API Style Selection Framework

Choosing the wrong API style is an architectural mistake that compounds for years. The decision depends on four measurable factors, not team preference.

Decision Matrix

| Factor | REST | GraphQL | gRPC | tRPC | |--------|------|---------|------|------| | Team size <5 devs | Preferred | Overkill | Only if perf-critical | Preferred (TS monorepo) | | Team size >20 devs | Good | Preferred (federation) | Service mesh | Not suitable | | Single client (web) | Fine | Unnecessary | Unnecessary | Ideal | | Multiple clients (mobile+web+3P) | OK | Preferred | Internal only | Not suitable | | Public API for external devs | Preferred | Possible | Unusual | Not possible | | Latency <50ms P99 required | Possible | Too much overhead | Preferred | Possible (local) | | Nested/relational data shapes | N+1 risk | Preferred | Repeated calls | Possible | | Flat CRUD resources | Preferred | Overkill | Overkill | Good | | Binary/streaming data | Poor | Poor | Preferred | Poor | | Real-time subscriptions | WebSocket add-on | Built-in | Bidirectional streaming | WebSocket add-on |

When to combine styles: Large systems often use REST for public APIs, gRPC for inter-service communication, and GraphQL as a BFF (Backend for Frontend) aggregation layer. This is not inconsistency -- it is matching the style to the boundary.

The tRPC Constraint

tRPC eliminates the serialization boundary between client and server by sharing TypeScript types directly.
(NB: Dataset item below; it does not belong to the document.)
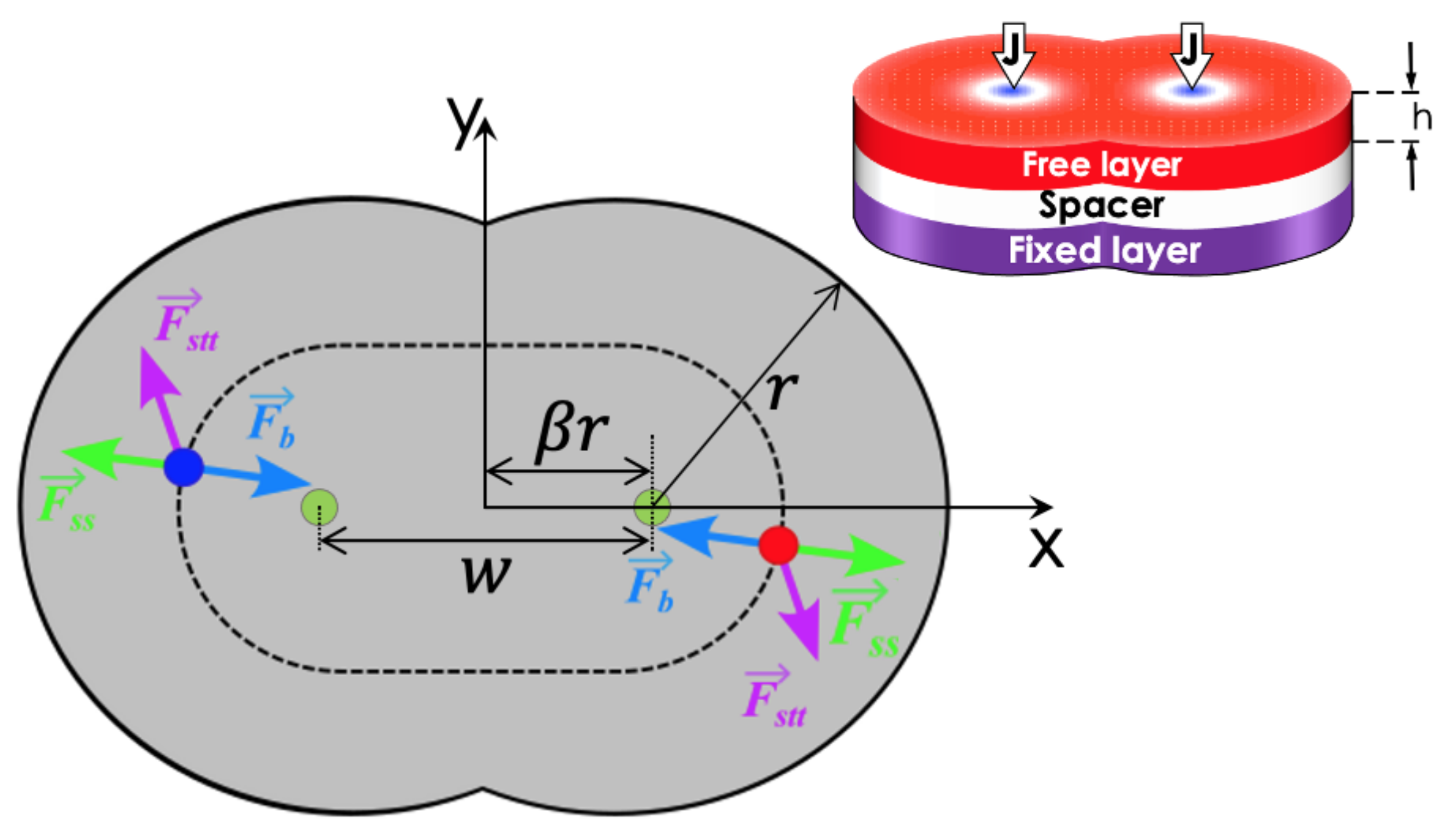 Nanomaterials 12 03793 g001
This delivers extraordinary developer experience -- but only when both ends are TypeScript and deployed from the same repository. The moment you need a non-TypeScript consumer, a mobile client, or a public API, tRPC becomes a liability. Evaluate tRPC as a monorepo accelerator, not as a general API strategy.

GraphQL Federation Threshold

GraphQL becomes cost-effective when three or more frontend teams consume overlapping backend data. Below that, the schema governance overhead (federation composition, schema registry, breaking change detection) exceeds the benefit of flexible queries. A single team consuming a single API is faster with REST or tRPC.
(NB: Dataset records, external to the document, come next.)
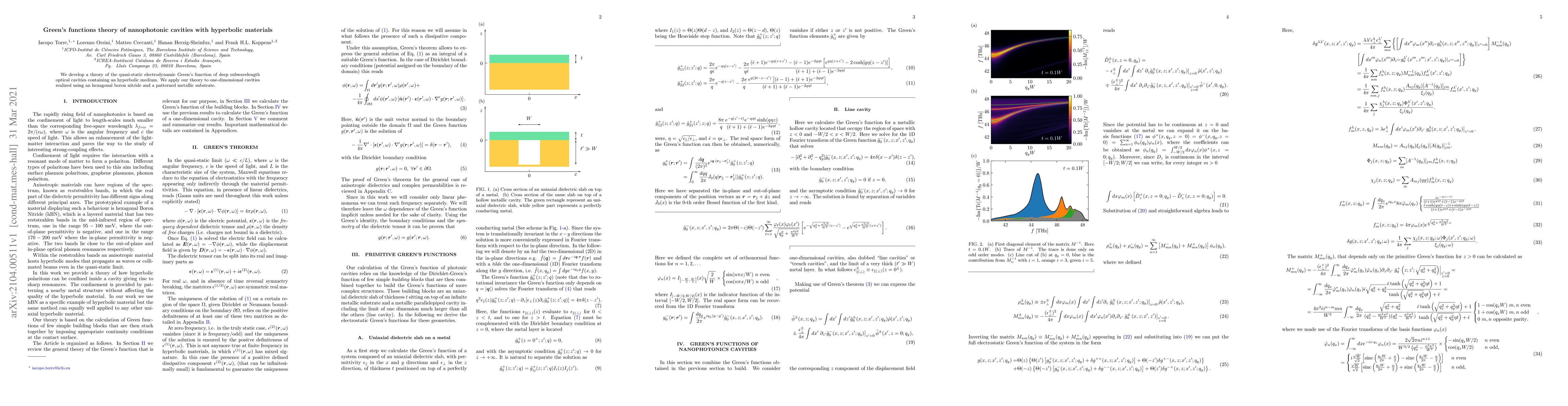 Thumbnail for Green's functions theory of nanophotonic cavities with hyperbolic
  materials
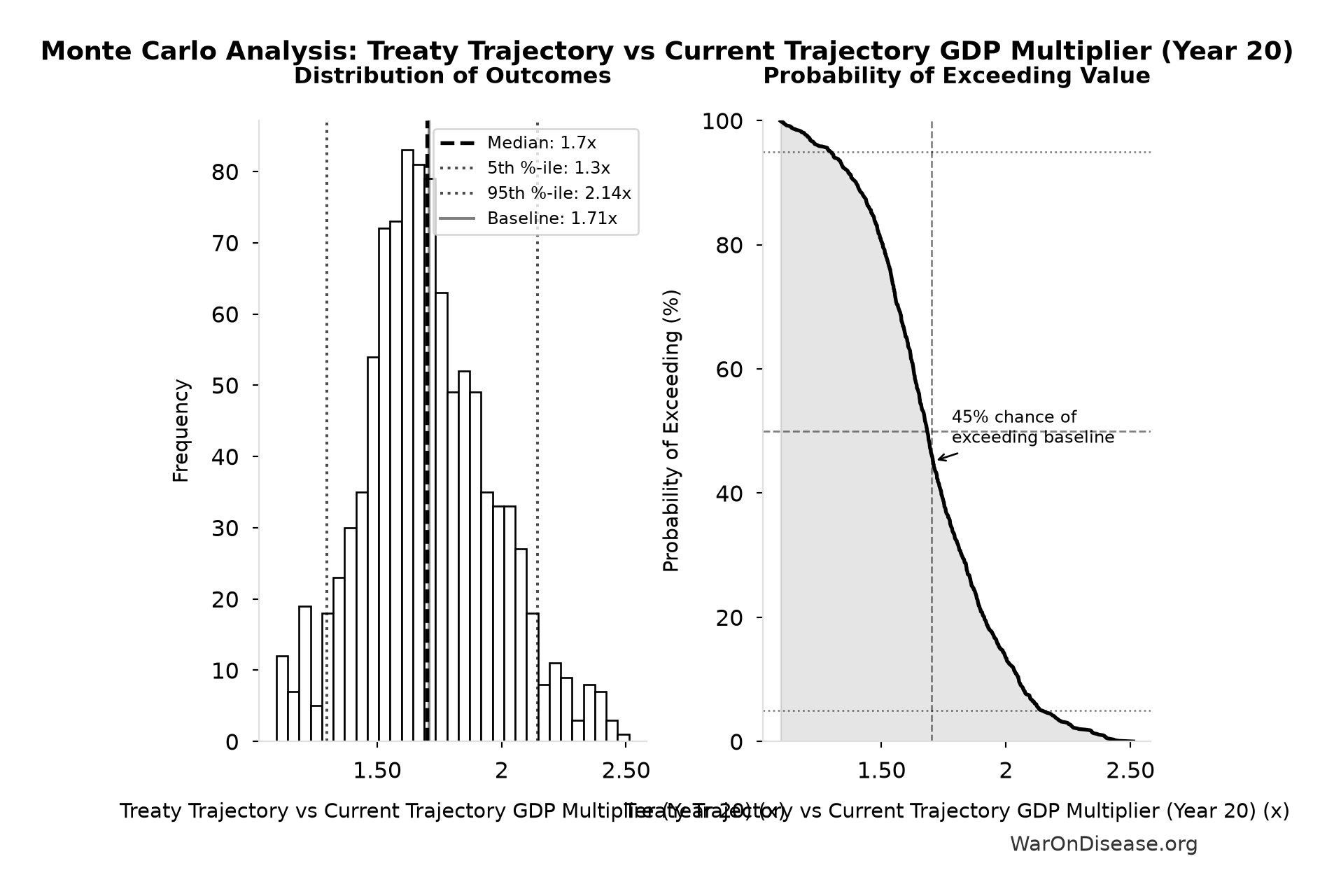 Monte Carlo Distribution: Treaty Trajectory vs Current Trajectory GDP Multiplier (Year 20) (10,000 simulations)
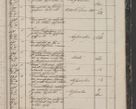 Zdjęcie nr 21 dla obiektu archiwalnego: Protocollon exhibitorum in Ecclesiasticis ex anno 1844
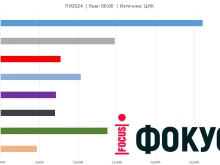 82.42% от протоколите са обработени: ГЕРБ печели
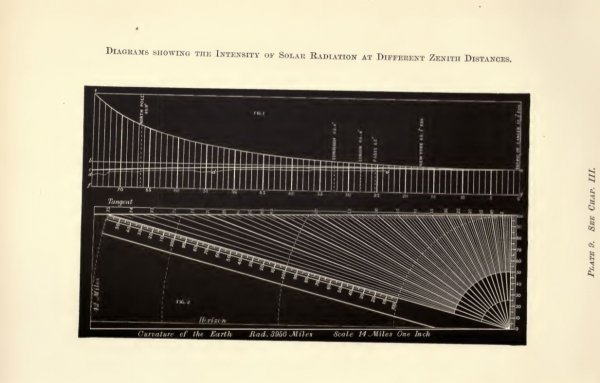 Ericsson - Intensity of Solar Radiation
REST API Design Architecture

Resource Modeling

Resources are nouns. URLs identify resources, HTTP methods define operations. This principle is correct 90% of the time -- the other 10% is where experts differ from beginners.

When to break the nouns-only rule: Actions that do not map to CRUD on a single resource. POST /payments/{id}/refund is clearer than POST /refunds with a payment_id body field, because the refund is an action on a payment, not an independent resource. Similarly, POST /reports/generate is legitimate when report generation is a long-running process, not a simple read. The test: if the "action" creates or modifies a resource, model it as a resource. If it triggers a process, an RPC-style sub-path is appropriate.
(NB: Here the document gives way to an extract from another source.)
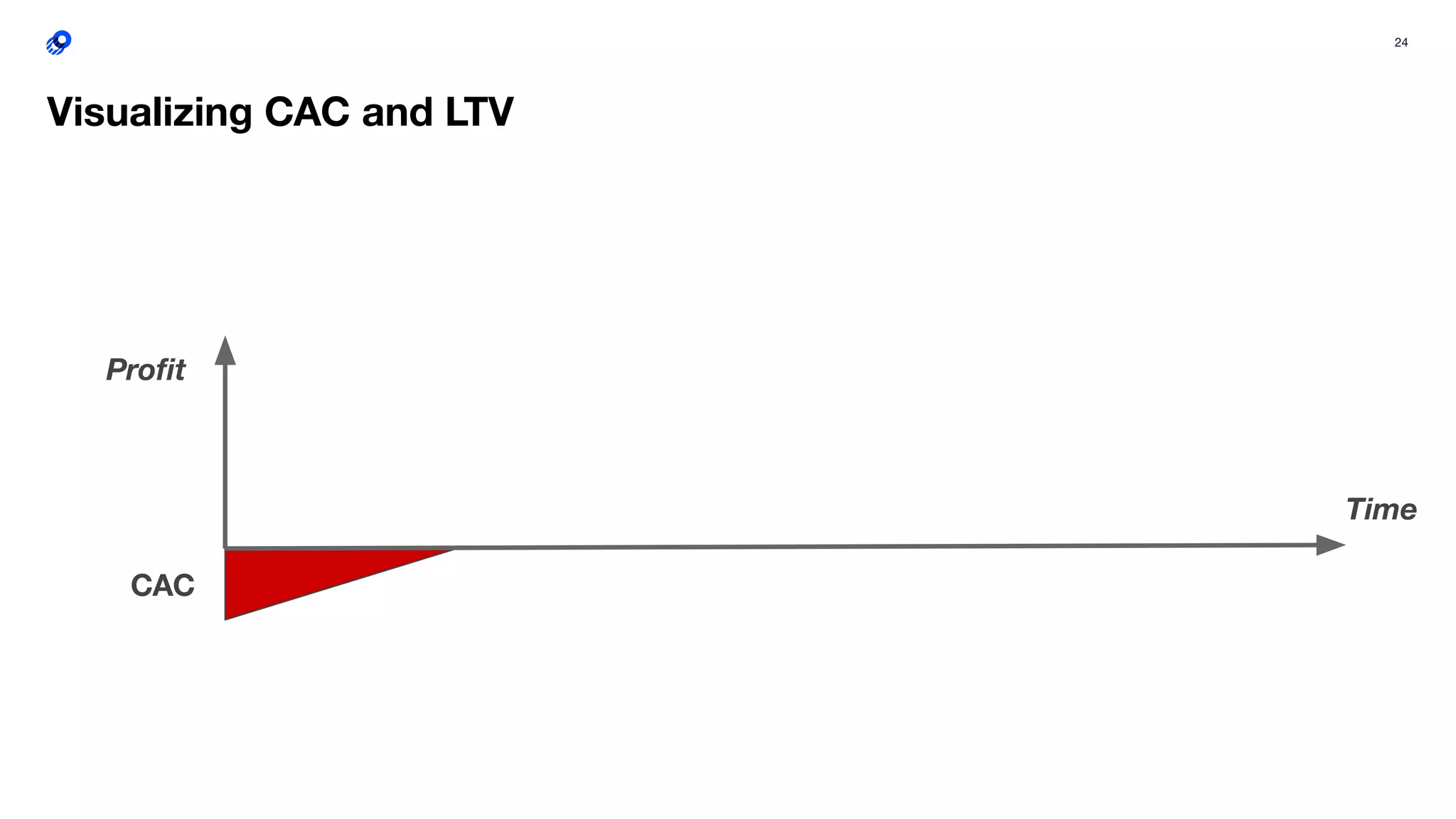 24
Visualizing CAC and LTV
CAC
Proﬁt
Time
URL nesting depth: Maximum 3 levels: /users/{id}/orders/{id}/items. Deeper nesting signals incorrect resource boundaries. If you reach /users/{id}/orders/{id}/items/{id}/reviews, the review is its own top-level resource with a query filter: GET /reviews?item_id={id}.

HTTP Method Semantics

| Method | Semantics | Idempotent | Safe | Body | |--------|-----------|-----------|------|------| | GET | Read resource(s) | Yes | Yes | No | | POST | Create resource or trigger action | No | No | Yes | | PUT | Full replacement of resource | Yes | No | Yes | | PATCH | Partial update | Yes* | No | Yes | | DELETE | Remove resource | Yes | No | Optional |

*PATCH idempotency depends on the patch format. JSON Merge Patch (RFC 7396) is idempotent -- applying the same patch twice yields the same result. JSON Patch (RFC 6902) is not -- "add to array" appends on each application. This distinction matters for retry safety. If your API accepts retries (and it should for network reliability), prefer merge patch or document the idempotency guarantee explicitly.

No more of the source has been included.